CUDA (Experimental)¶
With v0.4.3, the HighFM library has experimental support for CUDA. Although the interface remains mostly the same, it is important to highlight some key differences between executing the code in CPU (or host) and GPU (or device):
The host and device have separated memory spaces, i.e., the host cannot directly access data that was allocated on the device memory, and vice-versa. This implies that the user is responsible for explicitly transferring data from the host memory to device memory before any computation on the device and retrieving the results from the GPU memory back to the host.
Most operations are executed asynchronously on the device.
HighFM objects (e.g., matrices and vectors) cannot be passed as arguments to the CUDA kernels nor their methods are available on the device. However, you can still pass the container using the compact struct returned by
mat_data()
. Remember that the dense matrix follows theColum-Major
layout.
Moreover, only the following operations are currently supported
All BLAS operations (addition, product, norm, etc.)
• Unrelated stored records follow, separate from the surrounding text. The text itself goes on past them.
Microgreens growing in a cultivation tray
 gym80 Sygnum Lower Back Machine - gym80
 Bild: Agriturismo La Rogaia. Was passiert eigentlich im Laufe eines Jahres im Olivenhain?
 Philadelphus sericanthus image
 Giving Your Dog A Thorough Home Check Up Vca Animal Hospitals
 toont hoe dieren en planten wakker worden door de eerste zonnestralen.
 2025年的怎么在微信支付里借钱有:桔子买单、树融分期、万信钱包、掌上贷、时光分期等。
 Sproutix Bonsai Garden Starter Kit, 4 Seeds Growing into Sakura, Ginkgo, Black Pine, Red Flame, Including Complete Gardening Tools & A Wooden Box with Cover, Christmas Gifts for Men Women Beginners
Solving a dense linear system using LU or QR
Solving a triangular linear system
QR factorization
SVD
Asynchronous Execution¶
Almost all operations on the GPU are executed asynchronously, i.e., the host will launch the kernel on GPU and then continue the execution of the program without waiting for its completion. All the kernel launches are stored in a queue (called a CUDA stream
) and executed in order. To wait for all operation on the queue to finish, you can either use sync_stream()
(synchronize only the queue) or sync_device()
(synchronize all queues in the device).
- Only the following operations are synchronous (which implies a barrier at the end of the routine):
Transferring data from the host to the device or vice versa;
Copying data between two locations in the device memory;
Calculating the norm of a device matrix or vector;
Calculating the dot product between two device vectors.
Usage¶
The following example illustrates how to offload the computation to the GPU.
#include <highfm/core.hpp>
#include <highfm/random.hpp>
int main(int argc, char* argv[])
{
HighFM::initialize();
int n = 2000;
double alpha = 0.5;
double beta = 0.9;
HighFM::Matrix<double, HighFM::Host> host_A(n, n);
HighFM::Matrix<double, HighFM::Host> host_B(n, n);
HighFM::Matrix<double, HighFM::Host> host_C(n, n);
HighFM::random::DefaultGenerator rng;
for (int i = 0; i < n; i++)
{
for (int j = 0; j < n; j++)
{
host_A(i, j) = rng.normal<double>();
host_B(i, j) = rng.normal<double>();
host_C(i, j) = rng.normal<double>();
}
}
HighFM::Matrix<double, HighFM::Device> device_A = host_A;
HighFM::Matrix<double, HighFM::Device> device_B = host_B;
HighFM::Matrix<double, HighFM::Device> device_C = host_C;
device_C = alpha * device_A * device_B + beta * device_C;
host_C = device_C;
fmt::print("C = {}\n", host_C);
HighFM::terminate();
return EXIT_SUCCESS;
}
Let us examine the code by parts. The program begins by initializing the library and then creating 3 \(n \times n\) matrices – A
, B
, C
– on the host.
HighFM::initialize();
HighFM::random::DefaultGenerator rng;
int n = 2000;
double alpha = 0.5;
double beta = 0.9;
HighFM::Matrix<double, HighFM::Host> host_A(n, n);
HighFM::Matrix<double, HighFM::Host> host_B(n, n);
HighFM::Matrix<double, HighFM::Host> host_C(n, n);
Then, the program initializes the matrices with random numbers that follow the normal distribution.
HighFM::random::DefaultGenerator rng;
for (int i = 0; i < n; i++)
{
for (int j = 0; j < n; j++)
{
host_A(i, j) = rng.normal<double>();
host_B(i, j) = rng.normal<double>();
host_C(i, j) = rng.normal<double>();
}
}
Next, it creates the matrices on the GPU and then copies the data from the host to the device.
HighFM::Matrix<double, HighFM::Device> device_A = host_A;
HighFM::Matrix<double, HighFM::Device> device_B = host_B;
HighFM::Matrix<double, HighFM::Device> device_C = host_C;
And finally, the program calculates \(C = \alpha AB + \beta C\) (gemm
) and then copies the result from the device to the host. Although the gemm
operation is executed asynchronously, the data transfer between the host and the device forces the device synchronization, and thus, the sync_stream()
can be omitted in this case.
device_C = alpha * device_A * device_B + beta * device_C;
host_C = device_C;
The program ends with
fmt::print("C = {}\n", host_C);
HighFM::terminate();
return EXIT_SUCCESS;
to print the result to the stdout
and then terminate the library before exiting.